Recordo a observação por motivos pessoais evidentes: vivo do que leio e escrevo. E não existe dia em que não recorde também um momento terrível da peça teatral de William Nicholson, "Shadowlands", em que o escritor C. S. Lewis pergunta a um colega de ofício se ele nunca sente a terrível sombra do desperdício. O outro diz que sim, baixa os olhos (envergonhado) e continua, solitariamente, a leitura. Em inglês, a palavra "waste" tem um peso e uma ressonância impossíveis de traduzir para português.
Mas a observação de Mencken (e de Lewis) pode ser alargada a qualquer profissão. Em escritórios ou fábricas, empresas ou lojas, as pessoas perdem a juventude em busca de segurança e conforto; e quando, finalmente, atingem segurança e conforto, a juventude já pertence ao passado. Velhas, cansadas. Provavelmente doentes. O pano desce.
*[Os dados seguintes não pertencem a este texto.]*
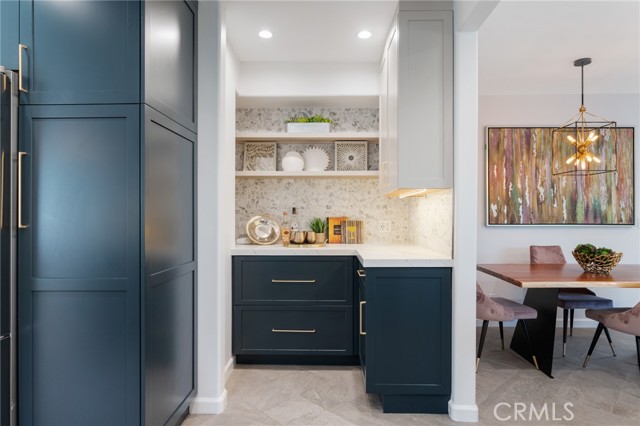 Brilliant use of space in the kitchen.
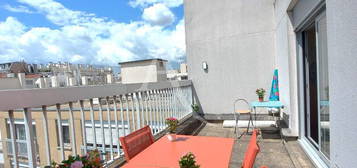 PARIS 20ème - Studio avec TERRASSE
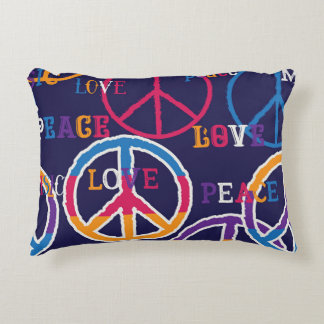 Hippie Peace: Vibrant Symbol Design Prydnadskudde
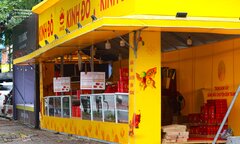Bánh trung thu mở bán sớm, đắt hơn năm trước
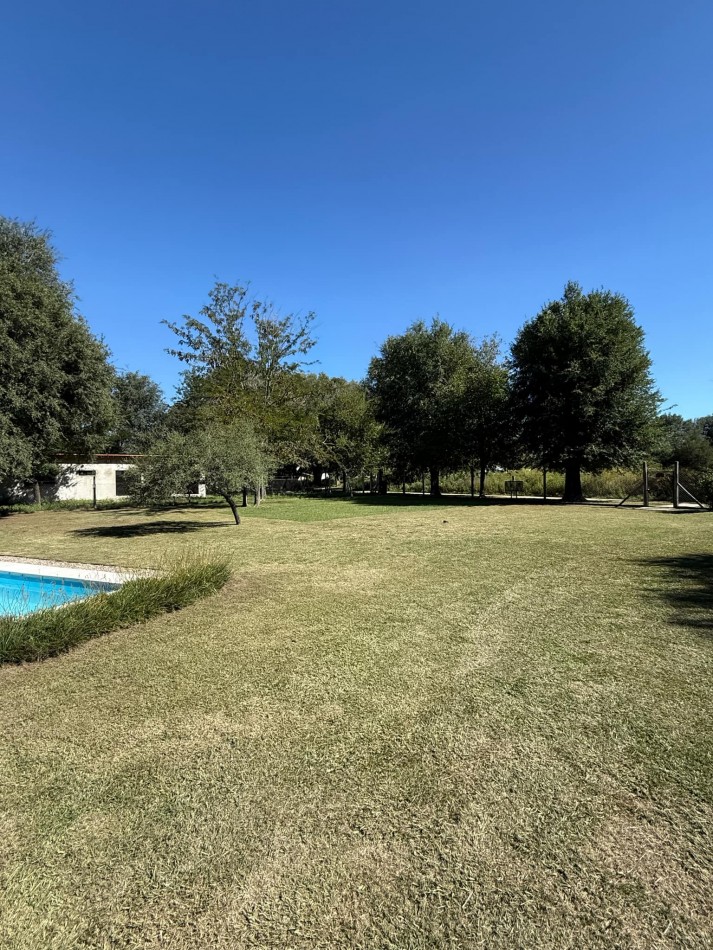 CASA DOS DORMITORIOS- FRENTE AL RIO- VILLA RIO SANTA ROSA
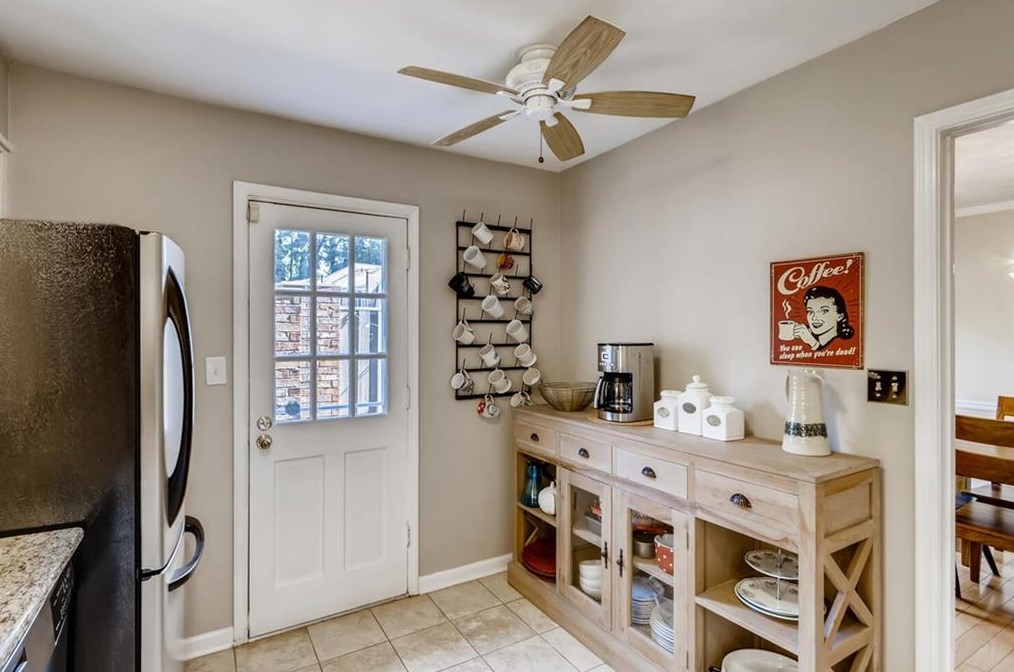 2 Queen Anne Pl, Atlanta GA exterior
Teria mesmo que ser assim? Acabo de ler na "Scientific American" um ensaio curioso sobre a "assimetria do tempo". Não vou cansar os leitores com terminologia técnica. Digamos apenas isto: é possível transformar um ovo em omelete, não é possível transformar uma omelete em ovo. Ou, se preferirem, somos capazes de lembrar o passado, mas é impossível recordar o futuro. O futuro existe "para a frente"; o passado, "para trás"; e essa realidade -avançamos do passado para o futuro, ou seja, envelhecemos- é uma constante cósmica desde o momento explosivo em que o Big Bang deu origem ao universo.
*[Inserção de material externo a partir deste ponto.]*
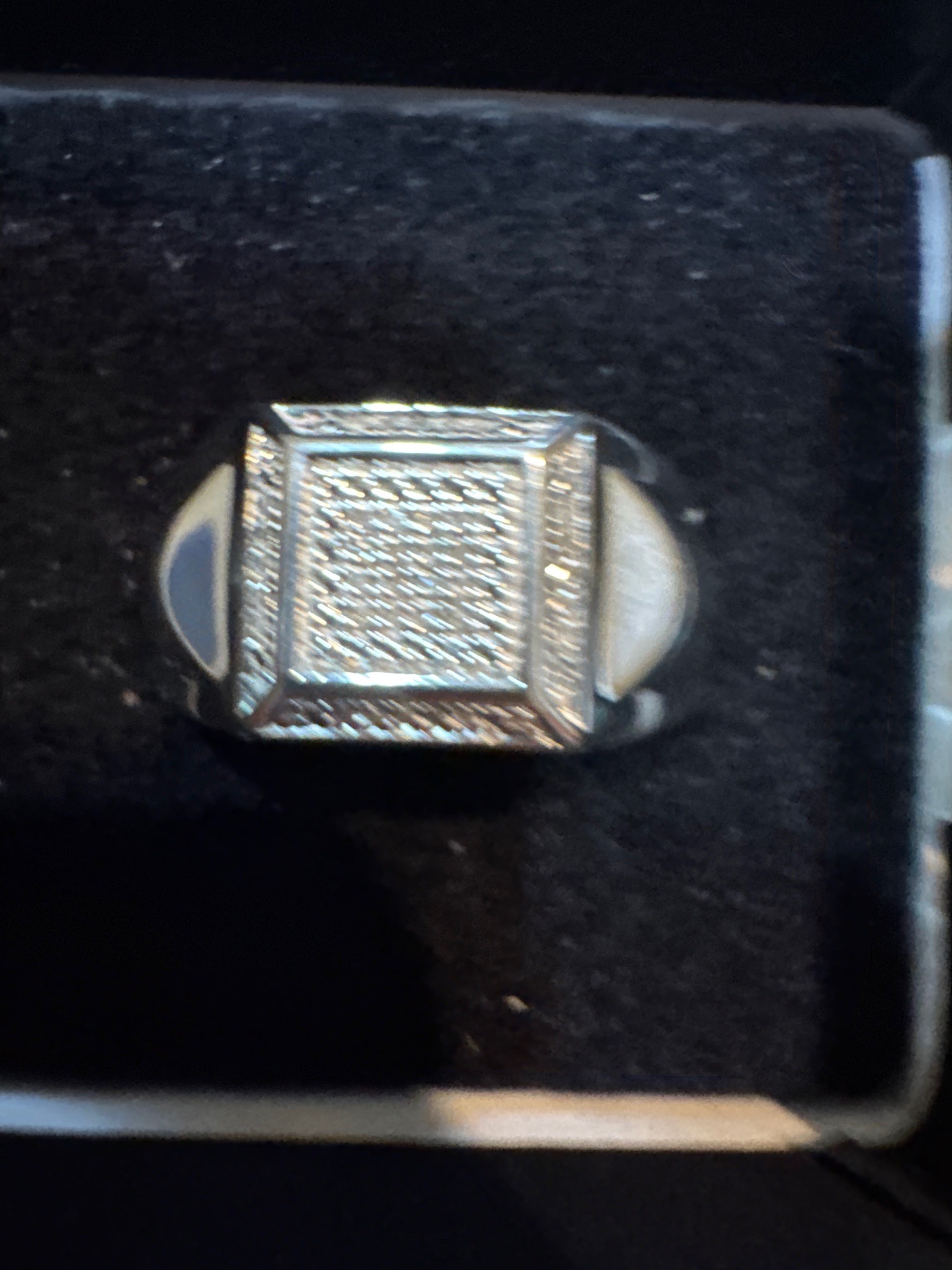 Submitted photo of Mens silver-tone textured cluster ring (unauthenticated)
O encanto do artigo está na possibilidade, defendida pelo cientista Sean Carroll, de ter existido um tempo, anterior ao Big Bang, em que as coisas andavam ao contrário. Sean Carroll avisa que a hipótese não permite as fantasias esperadas: um tempo em que as pessoas, caso existissem, nasceriam velhas e ficariam jovens. Para o cientista, esse tempo pré-Big Bang permitiria um relacionamento distinto com o tempo: pessoas recordariam o "futuro" e avançariam para o "passado".
Respeito a ciência. Respeito o cientista. Mas é precisamente a fantasia que me interessa. E não posso deixar de pensar como é injusto que alguém termine com a festa no exato momento em que a festa começava a ficar interessante. No exato momento em que tínhamos tudo: dinheiro, experiência, sabedoria. Tempo livre. Tempo nosso.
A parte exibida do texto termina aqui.